The potential of the energy transformation lies in the existing building
The government now needs to think a step further. To achieve the climate goals, it is not enough to reform the subsidy rate in the EEG, instead fundamental changes to building standards and energy accounting are needed. The Building Energy Act (GEG) currently only applies to some new buildings and the renovation of old buildings. However, the potential for a scalable energy transition lies in the broad existing segment. According to the construction report DENA 2022, Germany today has three million residential buildings. According to the main market register, for 2022, less than one percent of this will be powered by electricity from a photovoltaic installation on the roof.
Despite increased PV commitments, the roofing potential is not exhausted, bureaucratic processes and complexities in implementation unnecessarily complicate implementation – according to the Global ABC Status Report 2021, building operation causes almost a third of global energy-related CO2 emissions. There is a risk that the decisive offensive of the heat pumps will suffer the same fate. There is an urgent need for cheaper and locally generated solar energy to service them. Both require a fundamental correction in the GEG for accelerated implementation, the EEG correction in this regard is not sufficient.
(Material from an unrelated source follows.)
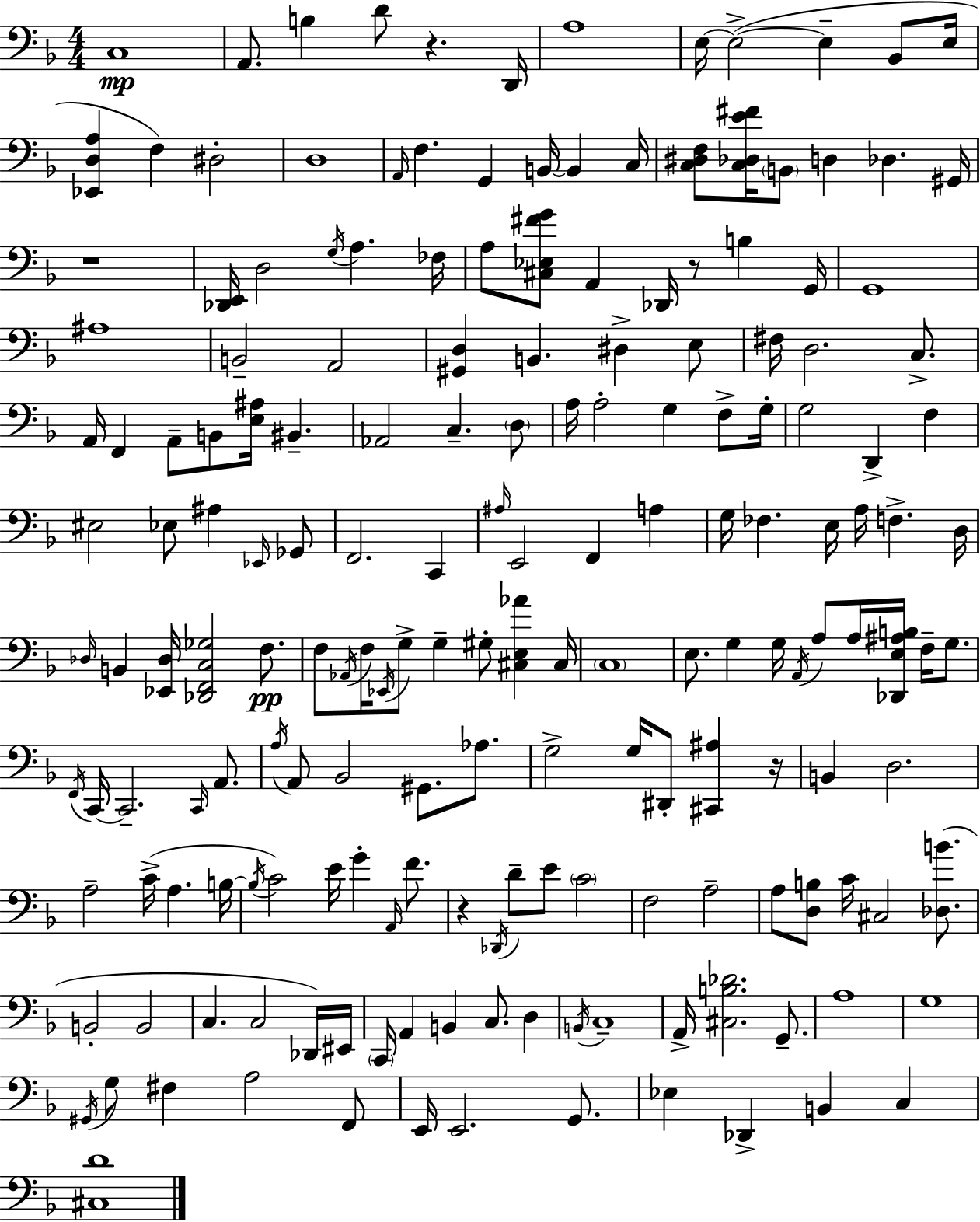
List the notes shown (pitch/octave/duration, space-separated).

There is a lack of resources for integrated energy concepts
On July 8, 2022, some modifications to the GEG were already decided as part of the approval of the EEG 2023. With the change of GEG, the new building requirement is set to tighten to Efficiency House 55. The allowable primary energy demand of the new buildings has been reduced from the original 75 to 55 percent in the reference house. Lending electricity from renewable energy sources in new buildings has also been adapted to the GEG amendment. In order to eliminate the conflicting incentives between the GEG and the EEG that was changed at the same time, priority use of electricity in the building is no longer applied. This is also how green electricity is counted if it is fed entirely to the grid. In this way, the original self-consumption is eliminated. Conversely, the adaptation should create an incentive for users to make full use of the roof area. However, these measures completely ignore the need for integrated energy concepts for electricity, heat and mobility.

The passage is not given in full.